* **Stored data**
■ ■ ■ ■ ■

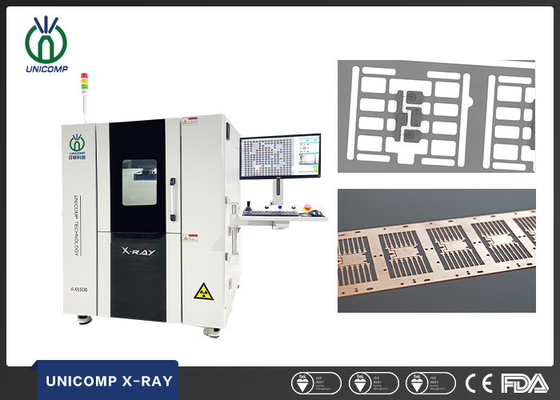 de Röntgenstraalmachine Unicomp AX8500 van 2.5D 110kv voor de kwaliteit die van Semicon leadframe met autometing controleren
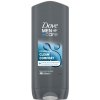 Dove Men Care Clean Comfort hydratačný sprchový gél pre mužov 400 ml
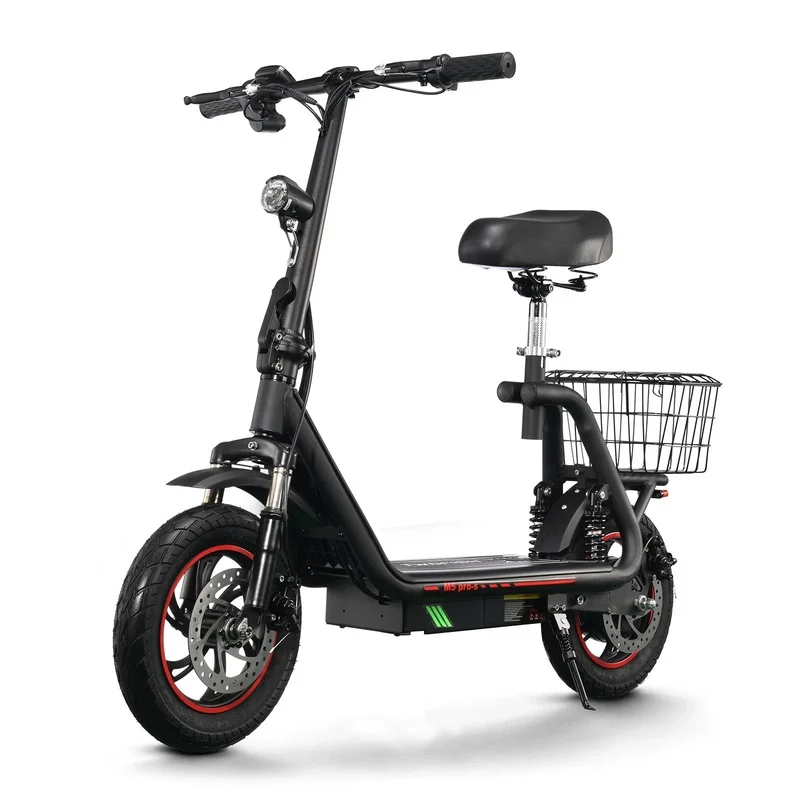 TWOFISH M5 Pro-S 12" Seated E-Scooter 500W Motor 48V 13Ah Battery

■ ■ ■ ■ ■

* **Task**
Copy out the full material exactly. Pictures should not appear in it.

* **Answer area**
 de Röntgenstraalmachine Unicomp AX8500 van 2.5D 110kv voor de kwaliteit die van Semicon leadframe met autometing controleren
 Dove Men Care Clean Comfort hydratačný sprchový gél pre mužov 400 ml
 TWOFISH M5 Pro-S 12" Seated E-Scooter 500W Motor 48V 13Ah Battery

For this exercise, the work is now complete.